Business use coverage is for more than business owners and employees who drive regularly for their jobs. You could find yourself without coverage if you were driving your personal car to any location other than your work for business, say a local convention, a networking breakfast or a customer's office. Even an innocuous situation such as running a quick errand to buy office supplies for your company could result in a denied claim.
If you are an employee and driving your personal car for work for any reason, even occasionally, ask your employer if they have a policy that covers you (and get the details in writing). If they don't, then add business use to your personal policy.
If you don't have medical coverage on your auto insurance policy, your insurer won't pay the medical bills for you or anyone in your car during an accident. If the accident was someone else's fault then the other driver’s insurance will cover you and your passengers' medical expenses, assuming the other driver is insured and has enough coverage. If he doesn't, you’ll be paying out of pocket unless you have uninsured/underinsured motorist coverage or a separate health insurance policy.
Whether you are renting a car or driving a friend's wheels, you may not be covered if you have an accident. Some auto insurance policies cover you for driving only the cars in your household unless you pay for additional coverage.
In the case of a driving a friend's car, his policy may cover you driving it, but it may not. And unless you're prepared to have a conversation with your friend about his insurance coverage, you may be in for a surprise if you have an accident and his coverage isn't high enough -- then the other party could go after you personally for the remainder of the costs.
If you give a friend or family member permission to drive your car, that person or even your car might not be covered, depending on the insurer and the policy. For example, some insurers will cover family members who don't live in your household, but not friends. Others will cover an accident if you were in the car with someone else driving. Some may cover any licensed driver you loan the car to, but they may limit the amount covered. Read your policy to understand your coverage and if your policy doesn't provide coverage, make sure the driver's policy does.

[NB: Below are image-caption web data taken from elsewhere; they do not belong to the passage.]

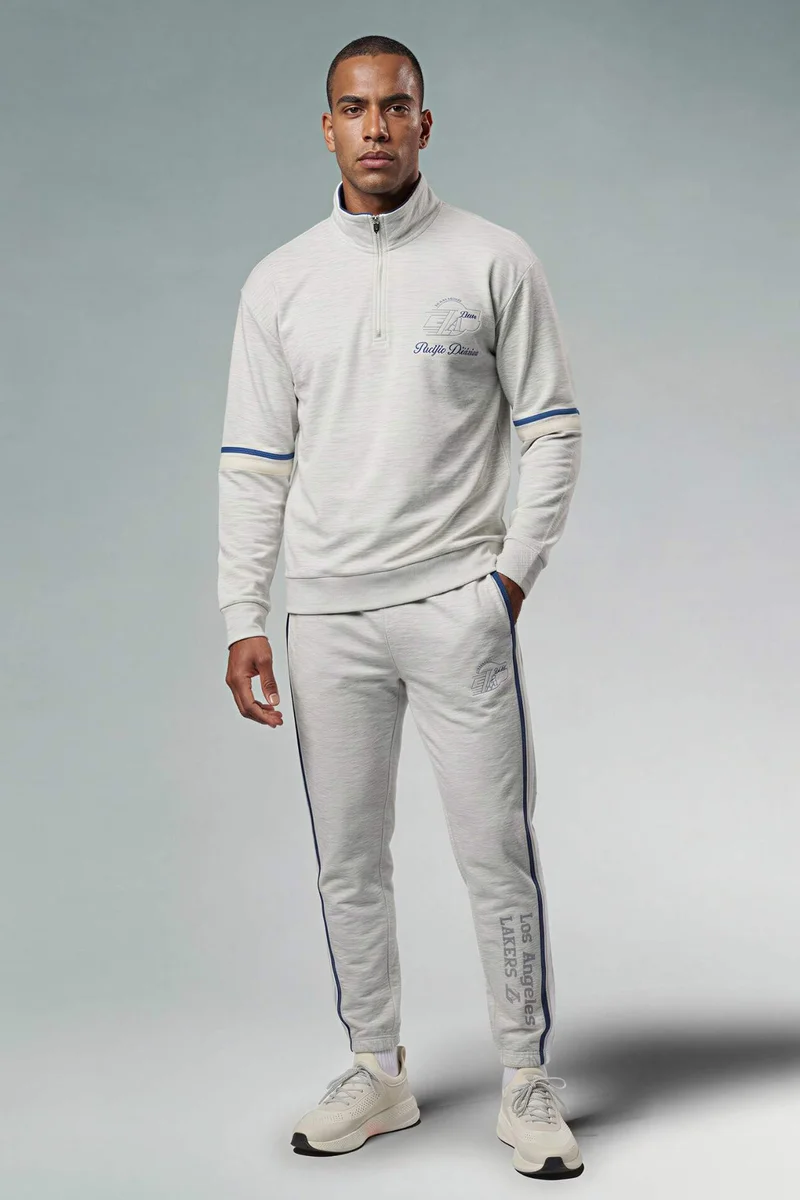 ديفاكتو NBA Los Angeles Lakers Standard Fit Scuba Fabric Jogger Pants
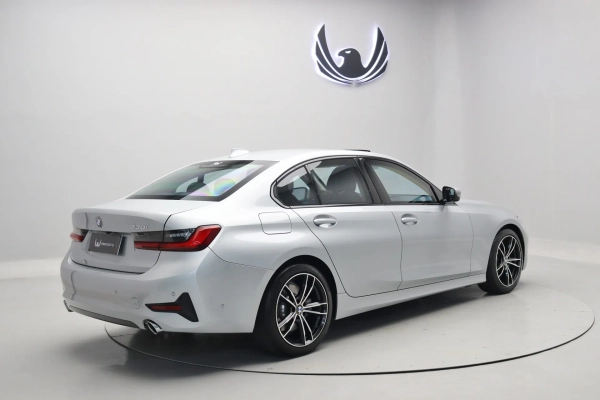 Foto do veiculo BMW 330I SPORT
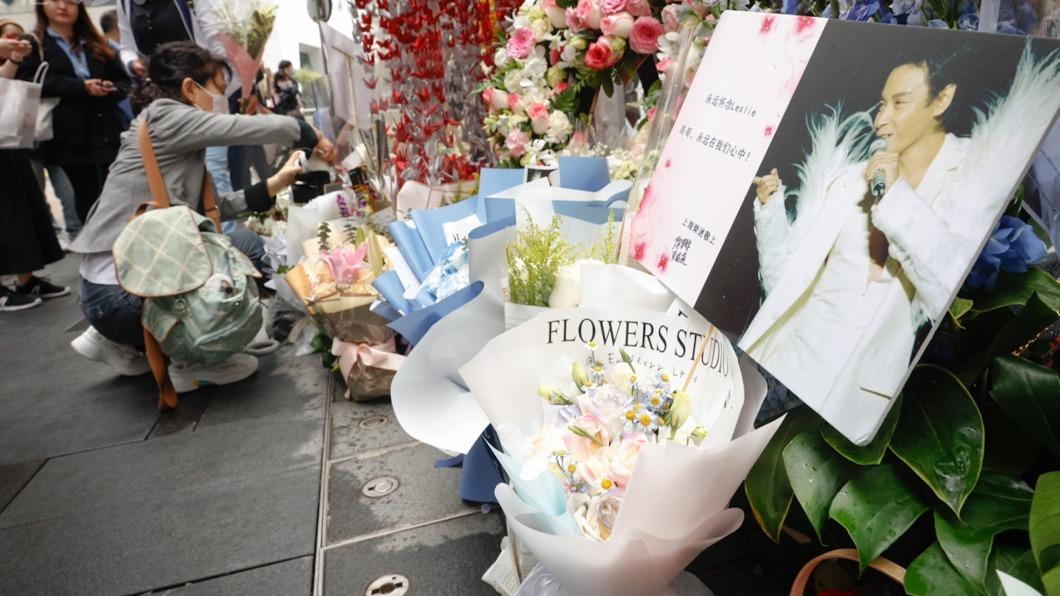 张国荣登热搜阅读量破亿 粉丝冒雨悼念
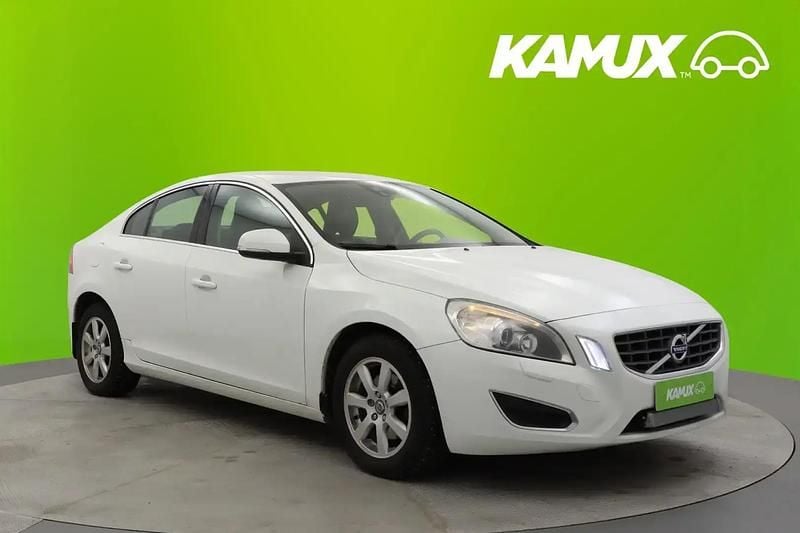Käytetty Volvo S60 Summum 205 HP (150 kW) 2011 Valkoinen Sedan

Whether your car is actually broken into or you just forget to lock it, any items not permanently attached to your car that are stolen are typically not covered by your auto insurance. So don't leave things in your car, especially those that are easy to sell, such as CDs, cell phones, notebook computers and portable GPS navigation systems. Sometimes a homeowner's policy covers these items, but you’ll need to check that policy to be sure.
Got cool new wheels, a state-of-the-art sound system or a special paint job? Those items are probably not covered under a standard auto insurance policy. While insurance does cover the car and any items that are permanently installed, your insurer will deny a claim for any aftermarket accessories unless you have your insurer add a rider to your coverage before you have a claim.
Most people think that if they have rental car coverage on their policy, then they’ll have something to drive while their car is being repaired. That may not be the case, however. Most insurers cap this coverage at a specific dollar amount per day, so you could find yourself driving an econo-box while your Mercedes is in the shop. Some insurers also have a limit to the total amount they'll pay for you to drive a rental car, so if the repairs are extensive, you could find yourself eventually paying out of pocket. Finally, if your car is stolen, some insurers have a waiting period before they will cover the cost of a rental car, so you could be reaching for your wallet in that case too.
The bottom line is that auto insurers provide great coverage for the majority of situations when your car is out of commission, but even the best policies may not cover everything. Regardless whether you have a bare-bones policy or full coverage, be sure to read it carefully to understand exactly what you are getting for your money.